TC & The Groove Family “Duende”

Still moving, still grooving… The first single from First Home, the debut album of an outfit conceived at Leeds College of Music, has just enough Latin poly-rhythms and bounce to the ounce to slip into this round-up via the back door. It’s produced by Tom Excell of Nubiyan Twist and features some fine vocals by Pariss Elektra, so I’m going to ask any purists out there to show me some tolerance. I like Nubiyan Twist and I think I’m going to like TC & The Groove Family.


Cerrero y La Marea “Lamento”

There’s always room and love to spare for music from Colombia’s Pacific coast, especially when it’s as haunting as this new offering from Discos Pacifico. When you learn that an alabao is a song of farewell and a lament of the soul “made to help people in need and alleviate the pain”, this single makes perfect sense. Lizeth Micolta’s vocal sends elemental shivers down your backbone. Extraordinary!


Mini Trio “Hare Krishna”/ “É O Que Ela Quer”

We’ll finish this month on a preposterous note. The Vampisoul label has unearthed another monster of dubious taste.

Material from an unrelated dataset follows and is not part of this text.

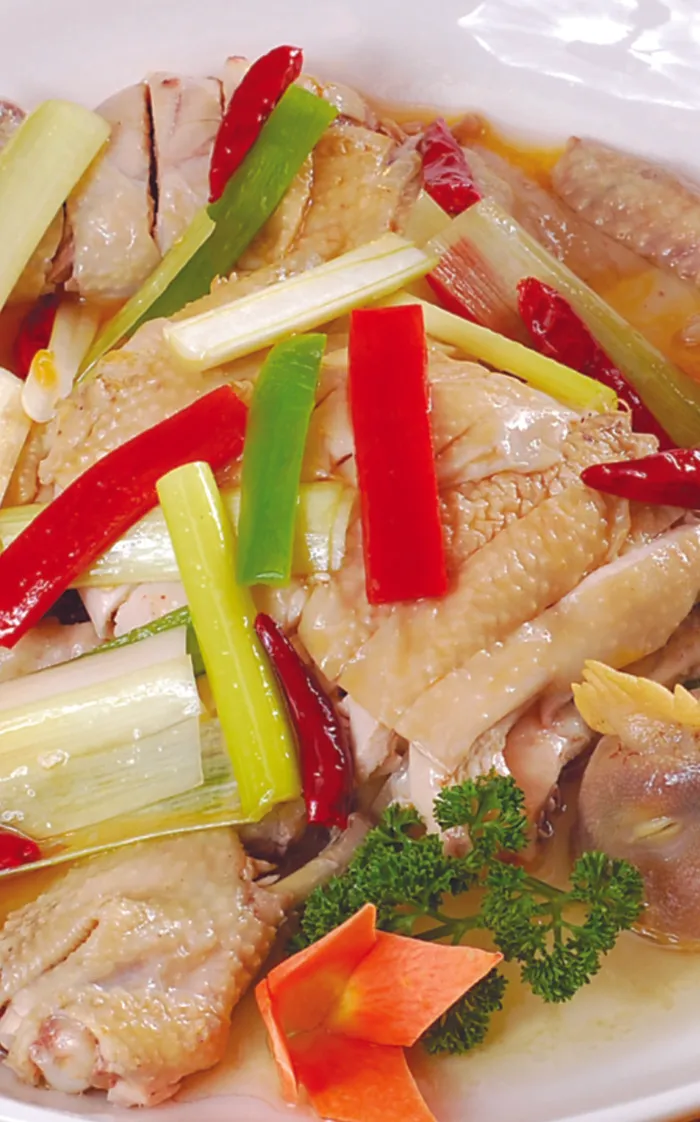 0806L-512新疆椒麻土鸡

A mere description of the A-side, “Hare Krishna”, should give the game away before you need hear a single note. Utterly bizarre, it starts off as a kind of flute-driven bossa before the female vocalist chants “love, love, love” and then “mari-, mari-, mari-juana” over the kind of big band arrangement that makes Buddy Rich seem subtle. The B-side, however, has a toned-down kitsch wow-factor that could seduce you into buying the reissued 7″ single. Someone in the YouTube comments asks, “Is this a cover of ‘She’s Not There'”. It is, indeed. The big band is turned down to gas mark Quincy Jones and the vocal lacks that wonderfully mysterious quality of the original’s breathy Colin Blunstone vocal, but it has enough je ne sais quoi to justify my leaving it with you to chuckle as you mull over the question, “Who were the Mini Trio?”


“Goodnight Irene” – as Lead Belly would sing.